Provided data
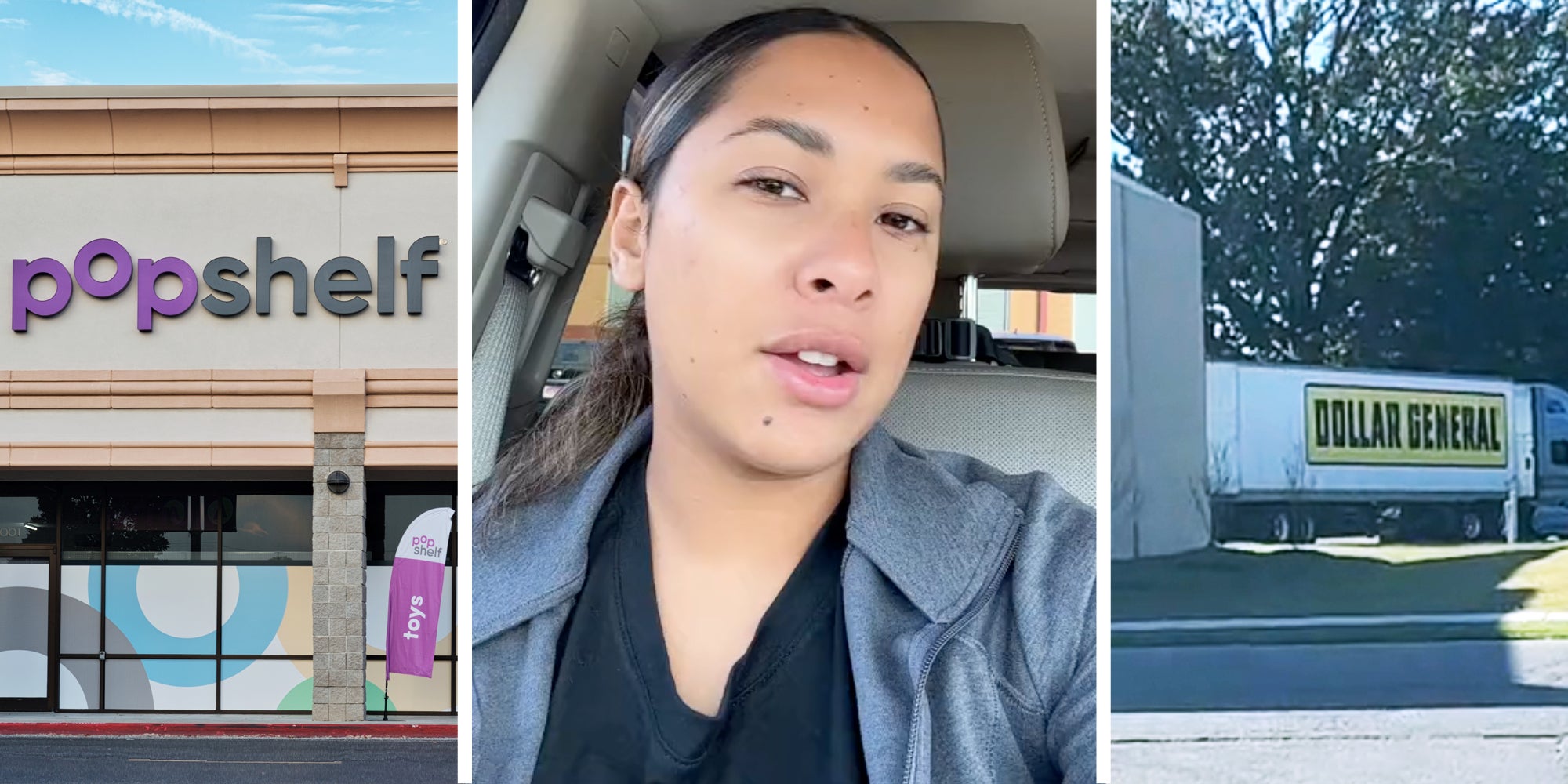 Popshelf storefront(l), Woman talking(c), Dollar General truck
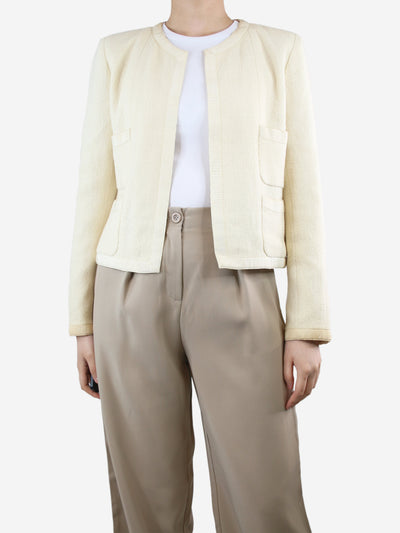 Cream tweed jacket - size UK 10 Coats & Jackets Chanel 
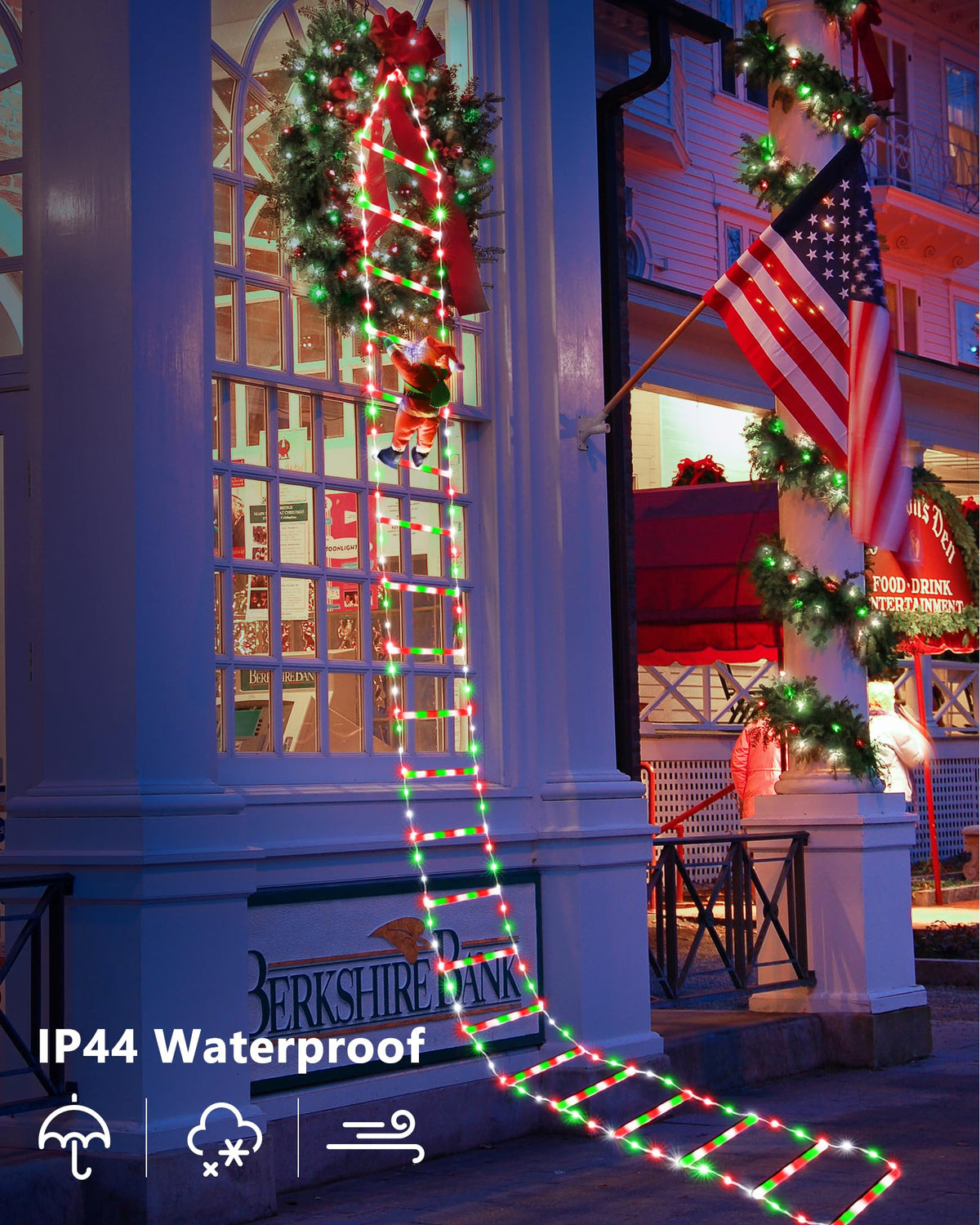 Toodour LED Christmas Lights - 10ft Christmas Decorative Ladder Lights with Santa Claus, Xmas Decorations Light for Indoor Outdoor, Window, Garden, Home, Wall, Xmas Tree Decor - Warm White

Problem
Every line above is to be duplicated exactly; no picture should be carried over.

Result for this task
 Popshelf storefront(l), Woman talking(c), Dollar General truck
 Cream tweed jacket - size UK 10 Coats & Jackets Chanel 
 Toodour LED Christmas Lights - 10ft Christmas Decorative Ladder Lights with Santa Claus, Xmas Decorations Light for Indoor Outdoor, Window, Garden, Home, Wall, Xmas Tree Decor - Warm White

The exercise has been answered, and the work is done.